Hangings could go ahead despite international ban on executions for drugs offences
Iran executed hundreds of prisoners during 2016, the majority for drugs offences
Iran should immediately halt the execution of 12 men convicted of drug offences who all face being put to death tomorrow (14 January) in Karaj Central Prison, Human Rights Watch and Amnesty International have warned.
On 8 January, officials at the prison, in Alborz province, west of Tehran, transferred at least 12 people sentenced to death on drug charges to solitary confinement, notifying them that their execution was imminent. In the event, the executions were postponed due to the death of Iran’s former president Ali Akbar Hashemi Rafsanjani.
HRW and Amnesty have been able to confirm the identities of four of the 12: Ali Mohammad Lorestani, Mohammad Soleimani, Ali Ebadi and Majid Badrlou (see case details below). Sources familiar with these men’s cases said that they didn’t have access to a lawyer during interrogations, and that the verdicts for Lorestani, Soleimani and Ebadi were based on other prisoners’ confessions.

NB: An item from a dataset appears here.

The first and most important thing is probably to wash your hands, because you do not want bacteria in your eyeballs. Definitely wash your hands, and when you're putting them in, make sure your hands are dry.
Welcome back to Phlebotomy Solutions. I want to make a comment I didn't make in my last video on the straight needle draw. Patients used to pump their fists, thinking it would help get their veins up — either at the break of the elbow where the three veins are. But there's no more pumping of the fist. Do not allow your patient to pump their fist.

Iran’s drug law mandates the death penalty for the trafficking, possession, or trade of as little as 30 grams of synthetic drugs such as heroin, morphine, cocaine, or their chemical derivatives.
In December 2015, Iranian MPs submitted a proposal to eliminate the death penalty for drug offences, except for armed smuggling, but this failed to progress. In November 2016, separate draft legislation - weaker than the 2015 proposal - was put forward which only forbids the use of the death penalty in non-violent drug offences and maintains several categories of drug offences that will still attract the death penalty. The draft bill is currently under consideration by several parliamentary commissions.

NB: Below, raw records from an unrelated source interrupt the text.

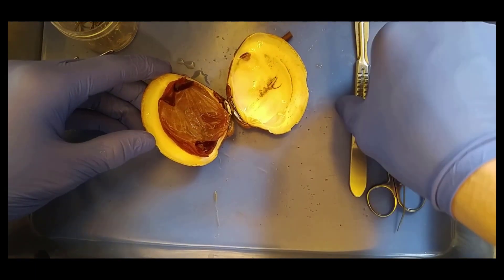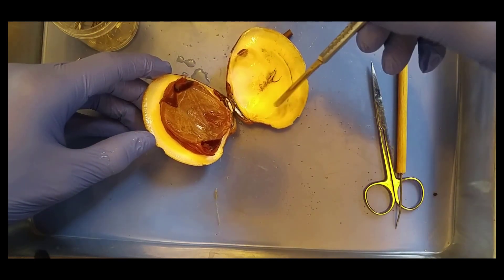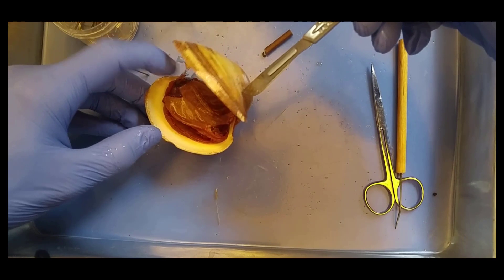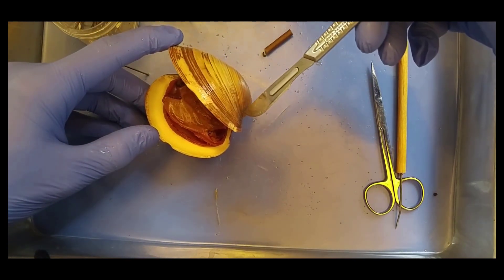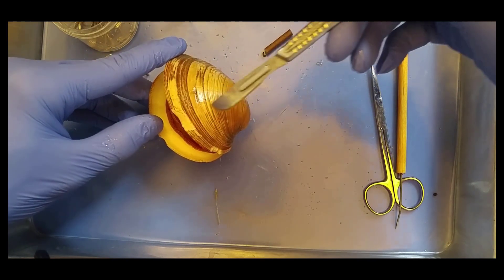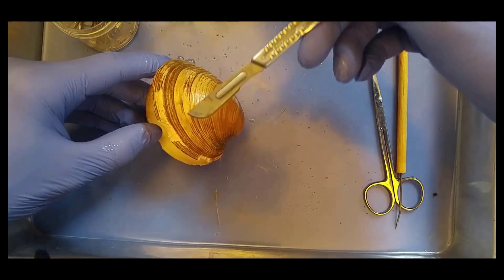So we have the nice shell. And remember the shell has three layers. The nacreous layer right here is kind of the shiny shimmery layer. And then it has a prismatic layer. The prismatic layer right here is made up of a protein called periostracone.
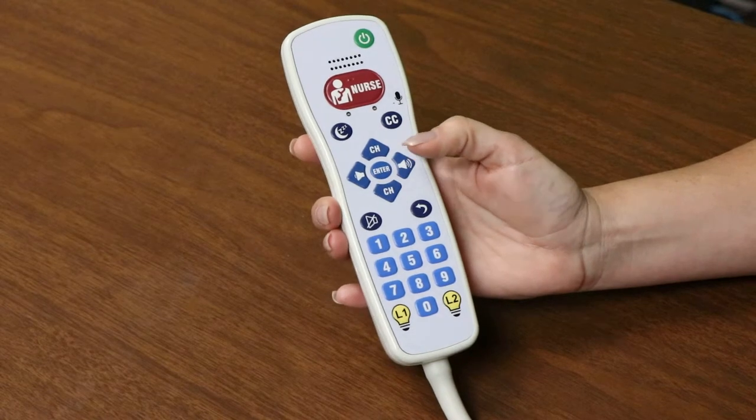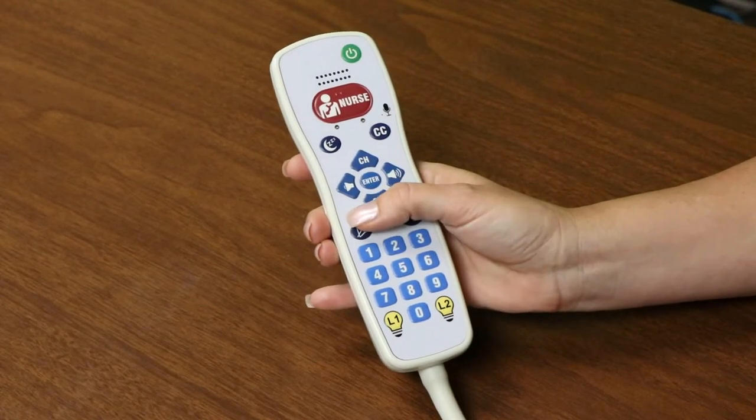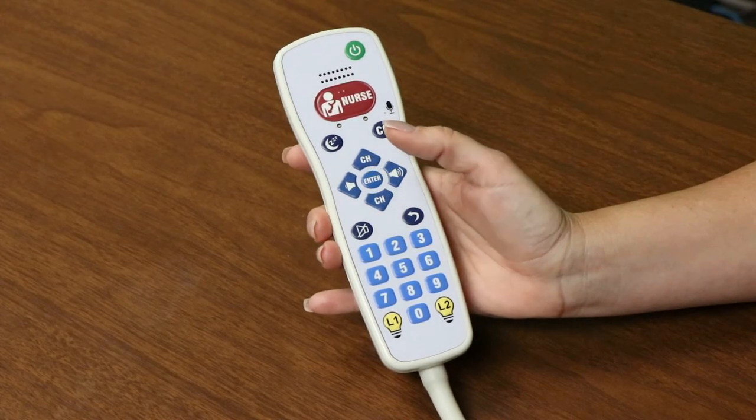Its keypad layout is user-friendly and contains large, easy-to-press buttons, which makes this unit very simple for patients to operate.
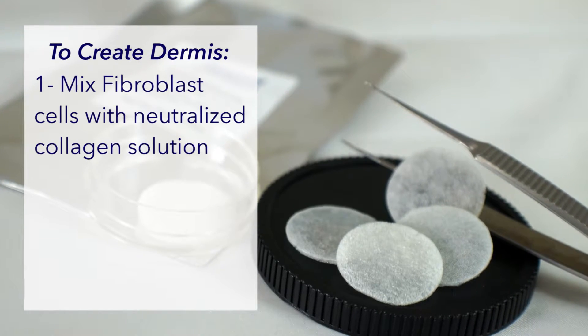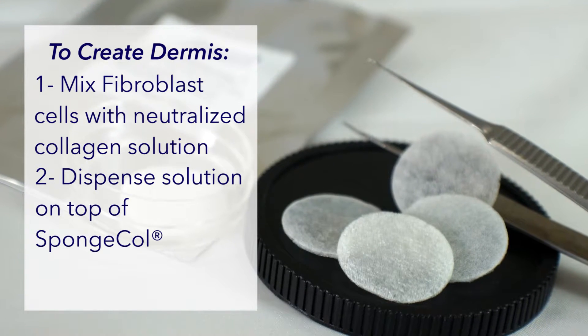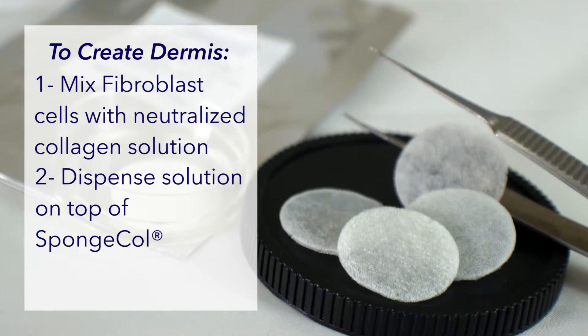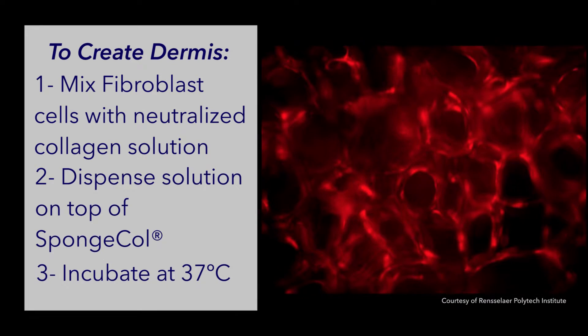Fibroblast cells can be mixed with a neutralized collagen and then pipetted on top of SpongeCol. The collagen solution and cells will disperse down into the sponge. SpongeCol can then be incubated at 37 degrees and the neutralized collagen will form a gel within the sponge. The cells will proliferate, grow and produce their own extracellular matrix proteins within the pores and then remodel their environment to mimic the dermis of skin.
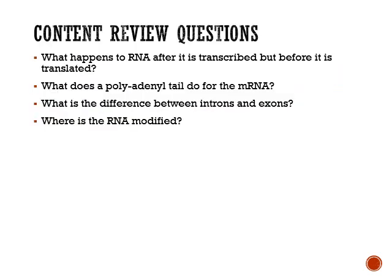These content review questions are here to focus your studies. In the next mini-lecture, we're going to talk about what happens to that mRNA after it leaves the nucleus. Specifically, it's going to bind to a ribosome and begin to produce a polypeptide. We'll talk about the genetic code, how it was cracked, and how you can get an amino acid sequence from a nucleotide sequence.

Iran executed hundreds of people in 2016, the majority for drug offences. According to Hassan Noroozi, an Iranian member of parliament, there are 5,000 people on death row for drug offences in Iran, the majority between the ages of 20 and 30.
HRW and Amnesty have repeatedly documented serious due process and fair trial violations in Iran - including the use of torture and summary trials - in capital drug cases. The two organisations are calling on Iran to reverse these 12 death sentences ahead of a total abolition of the death penalty in the country.

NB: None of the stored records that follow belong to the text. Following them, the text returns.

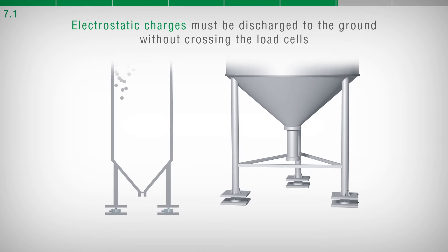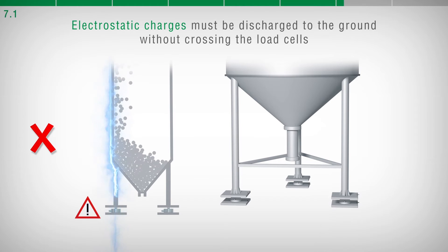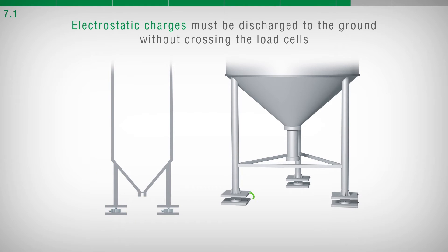Electrostatic charges are potentially capable of damaging the load cells. For this reason, it is recommended to connect, by a copper wire of adequate cross-section, the upper support plate of each load cell with the relative lower plate. Then, connect all the lower plates together to the same grounding system.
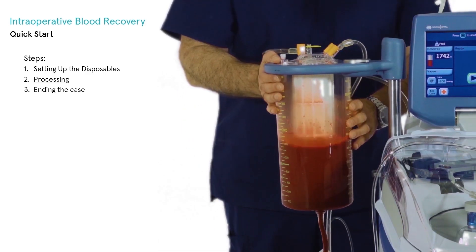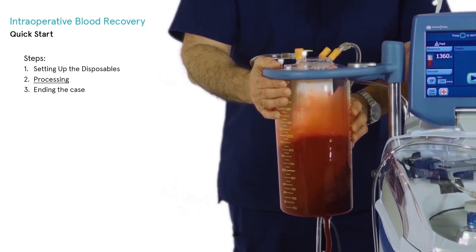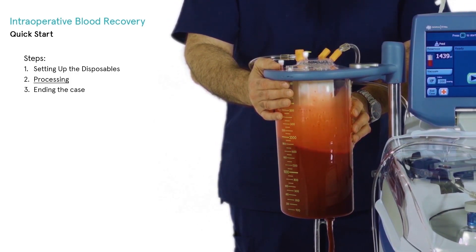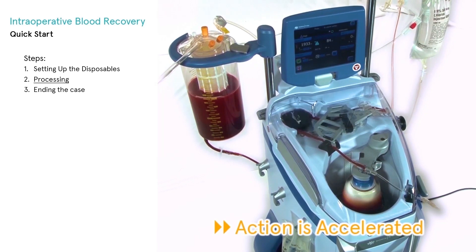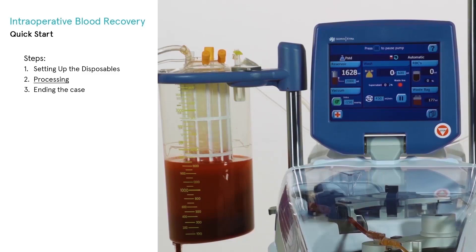One should ensure that the blood in the reservoir is regularly mixed to prevent sedimentation and to ensure that the anticoagulant is well dispersed. As blood enters the bowl during the fill phase, centrifugation concentrates the red blood cells into the bowl while supernatant components are expelled to a waste bag. This continues until the buffy coat is detected, which indicates that the bowl is properly filled with red blood cells.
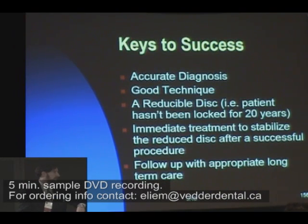Arthrocentesis will not help that. Keys to success: accurate diagnosis in the first place, good technique, a reducible disc. Someone who's been locked forever is probably not going to reduce it. My record right now is a year and a half — the patient was locked and we got him unlocked. I should hasten to add, I have patients that have been locked for two weeks that I've not been able to unlock. Immediate treatment to stabilize the reducing disc, follow up with appropriate long-term care.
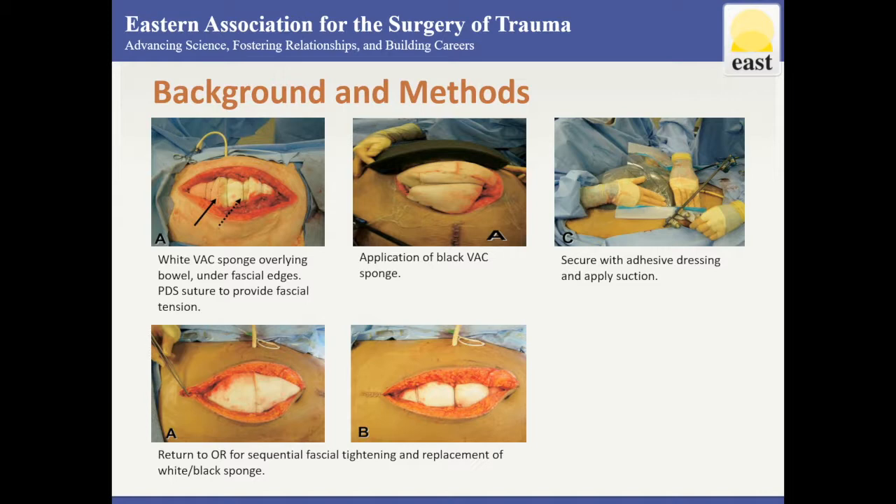Large black VAC sponges with suction are placed over the white sponges and secured with an occlusive dressing. Patients returned to the operating room every two days for sequential fascial closure and replacement of the sponges, resulting in a decrease in the fascial defect.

Amnesty International’s Middle East and North Africa Research and Advocacy Director Philip Luther said:
“Carrying out these executions would be particularly tragic given ongoing discussions in the Iranian parliament that could lead to the abolition of the death penalty for non-violent drug offences.”
Human Right Watch’s Middle East Director Sarah Leah Whitson said:
“Packing prisons with drug offenders and rushing to send them to death row without due process in highly flawed trials will just worsen Iran’s justice problem while doing nothing to solve Iran’s drug problem.”
Mohammad Soleimani’s case
The Iranian authorities arrested Mohammad Soleimani - a father of three from the city of Kermanshah - in the city of Karaj in March 2015 in connection with the alleged possession of between 700 and 800 grams of heroin. HRW and Amnesty have communicated with an informed source who said that Soleimani was not in possession of any drugs at the time of his arrest. According to the source, his sentence was based on the confessions of two men who implicated Soleimani after they themselves were caught in possession of drugs. Another informed source said that the Supreme Court quashed Soleimani’s death sentence in July 2016 and granted him a retrial. However, he was later re-sentenced to death after a summary retrial which was limited to one brief session before a revolutionary court in Karaj. In a second review of Soleimani’s case the Supreme Court rejected his appeal and upheld the death sentence.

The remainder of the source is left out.